Além da falta de interlocução, o especialista destaca que a popularidade do governo e a escolha de Gleisi Hoffmann para a articulação política afastam ainda mais os evangélicos. “Os parlamentares da Frente Evangélica não teriam por que se aproximar do governo, pois isso representaria um custo político elevado, o risco de não se reeleger e o distanciamento de suas bases”, afirmou.

Ele também aponta que a rejeição ao petismo entre evangélicos não é apenas religiosa, mas também econômica e ideológica. “Mesmo forças políticas mais fisiológicas que apoiam o governo hoje fazem isso a um custo muito grande”, destacou.

Embate entre Otoni e Bolsonaro se iniciou nas eleições para a prefeitura do Rio

Os atritos entre Bolsonaro e Otoni começaram na eleição municipal do Rio de Janeiro de 2024, quando o ex-presidente resolveu apoiar o deputado federal Alexandre Ramagem (PL-RJ) para o Executivo municipal.

Na época, o presidente do PL, Valdemar Costa Neto, e o presidente do MDB, o deputado Baleia Rossi, firmaram um acordo de apoio mútuo entre as candidaturas no Rio e em São Paulo. O MDB apoiou Ramagem no Rio, enquanto o PL apoiou Ricardo Nunes em São Paulo. O acordo fez com que Otoni tivesse sua candidatura à prefeitura retirada.

Outro fator que agravou a relação entre o deputado e o ex-presidente foi a escolha do vice-prefeito na chapa de Ramagem. Apesar de o MDB ter concordado em indicar o candidato, Bolsonaro preferiu a indicação do ex-prefeito de Duque de Caxias, Washington Reis, aliado mais próximo do ex-presidente. Pouco antes do primeiro turno, Otoni declarou apoio ao prefeito Eduardo Paes (PSD), que foi reeleito, e passou a criticar Bolsonaro.

Após os acenos de Otoni a Lula, parte da bancada evangélica entendeu que o parlamentar estava muito próximo do governo, o que poderia comprometer a percepção do eleitorado em relação à Frente Parlamentar.
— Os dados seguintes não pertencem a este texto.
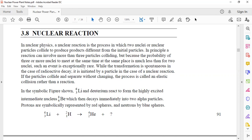In nuclear physics, a nuclear reaction is the process in which two nuclei or nuclear particles collide to produce products different from the initial particles. In principle, the reaction can involve more than two particles colliding, but because the probability of three or more nuclei meeting at the same time and place is much less than for two nuclei, such an event is exceptionally rare.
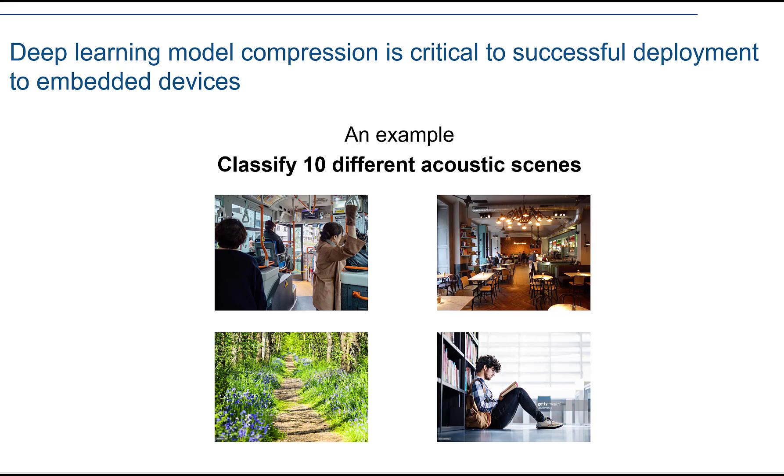In order to achieve this goal, we'll go through three major steps: using Deep Network Designer to understand the network, using tailor pruning to reduce the number of filters in the convolutional network, and using Deep Network Quantizer to reduce the model storage down to using int8 containers.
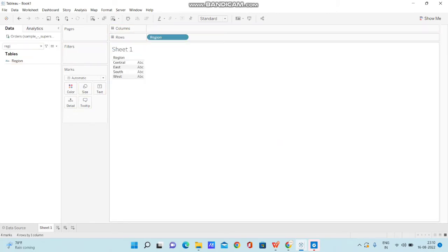So we have four regions in the region column: East, West, North... sorry, Central, East, South, West. These are the four regions we have.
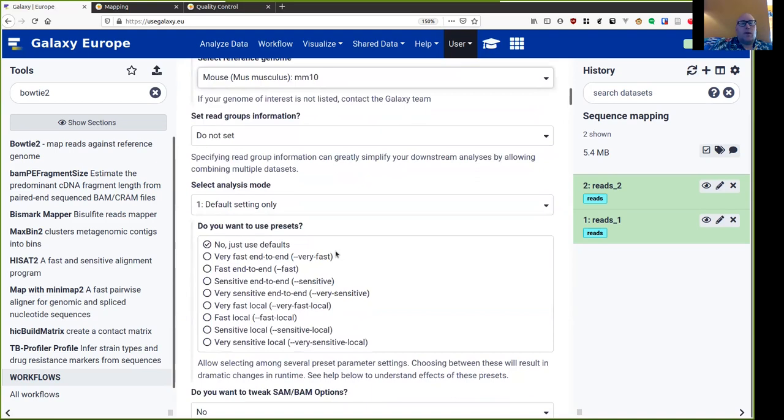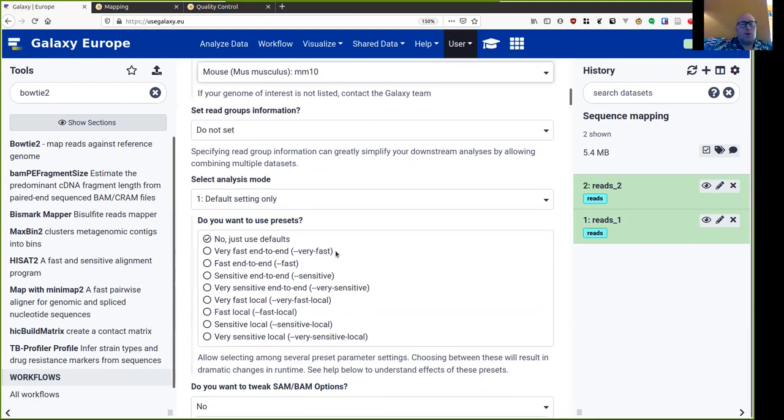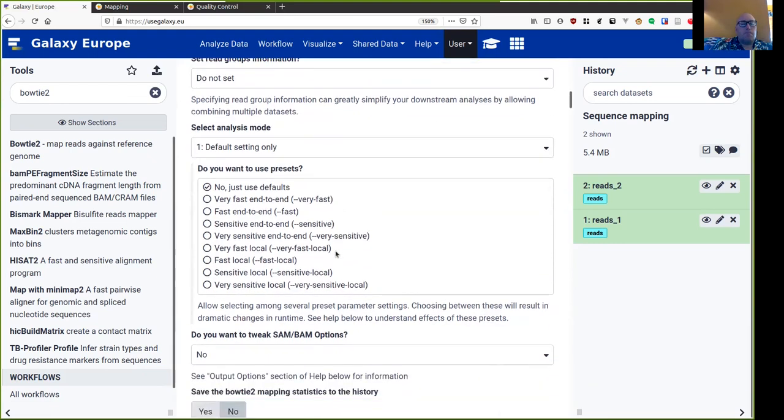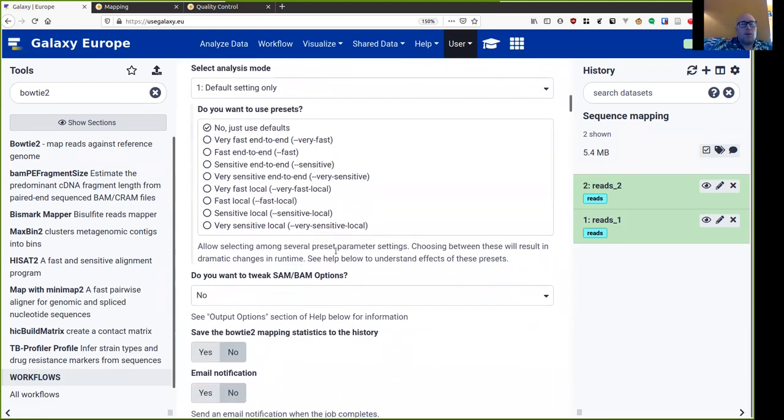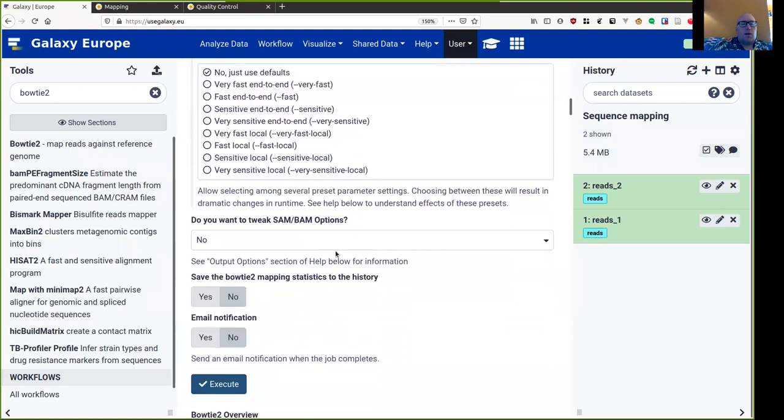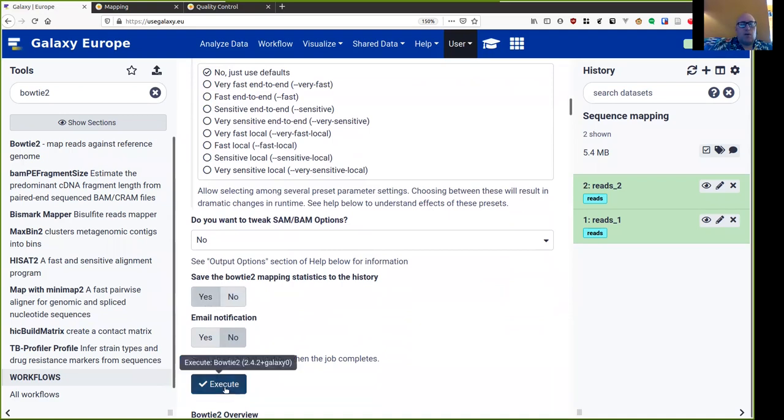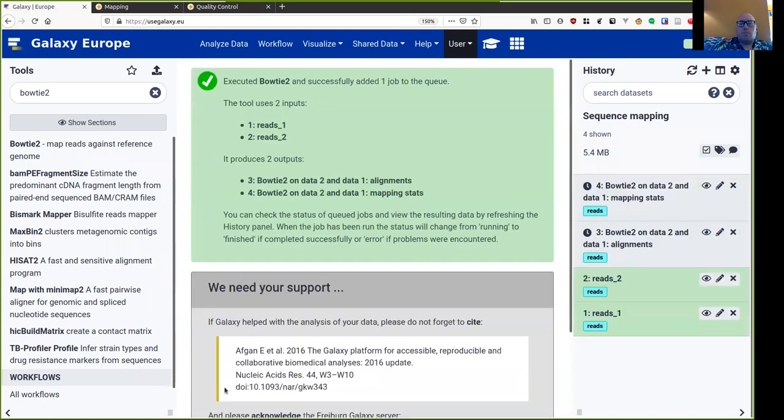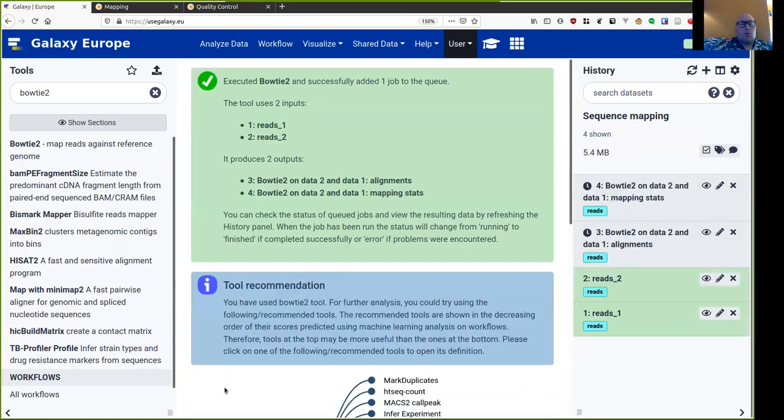The next question is about read group information, which is how to tag the alignment in terms of which data set it came from. This is very useful if you are dealing with multiple data sets, but we're not using it today. And then finally, I want to save the Bowtie2 mapping statistics to the history. So I can know a little bit about how the mapping has proceeded. Having done all of this, I now hit execute.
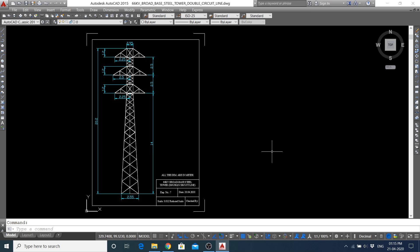Hello, here you can see this 66kV broad-based steel tower has already been designed. If you want to know about the commands which are used to draw any figure which are already used here...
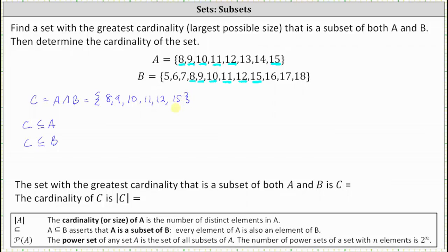This set is the set with the largest cardinality that is a subset of A and a subset of B. Any subset of C other than itself would also be a subset of A and B, but it would have fewer elements, and therefore this set is the set with the greatest cardinality that is a subset of both set A and set B.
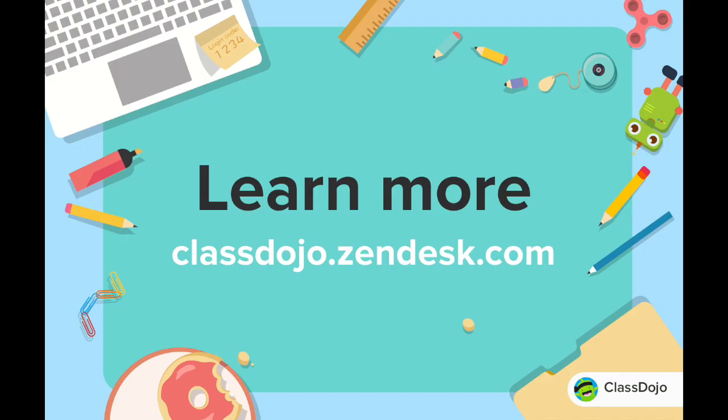For more helpful videos, articles, and more, check out the Help Desk at ClassDojo.Zendesk.com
Uma apuração da Gazeta do Povo mostrou que o deputado fluminense tentou minimizar a aproximação com o Palácio do Planalto antes da eleição da FPE, alegando que o adiamento da votação era uma estratégia de opositores para desidratar sua candidatura. No entanto, a articulação feita por Bolsonaro junto aos deputados do colegiado reforçou a oposição contra Otoni. Em reserva, um deputado federal do PL confirmou que o ex-presidente ligou para parlamentares do colegiado antes da votação.

Em entrevista à Veja, Otoni afirmou que o ex-presidente nunca mais terá sua solidariedade por tê-lo tratado como inimigo e feito “sacanagem” na eleição da presidência da Frente Parlamentar Evangélica (FPE).

“Nunca mais Bolsonaro terá minha solidariedade para nada”, disse Otoni. E acrescentou: “Meu candidato, até então, podia ser Bolsonaro. Mas me mantenho com Ronaldo Caiado. Foi sacanagem o que fizeram. Tenho amor próprio", afirmou.

Questionado sobre a situação vivenciada pela FPE nesse último pleito, o deputado federal Pastor Diniz (União-RR) afirmou que o resultado do colegiado deve ser respeitado e que o novo presidente possui "credenciais e competência" para manter o grupo unido.

"Como todo Colegiado, a eleição de seus dirigentes é feita dentro dos critérios exigidos e deve ser respeitado o resultado. Não é diferente com a Bancada Evangélica. Houve a eleição do atual Presidente, Pastor Gilberto, o qual tem suas credenciais e competência para continuar unindo os pares, dando continuidade ao trabalho representativo dos evangélicos e exercendo seu mandato com maestria", disse Diniz.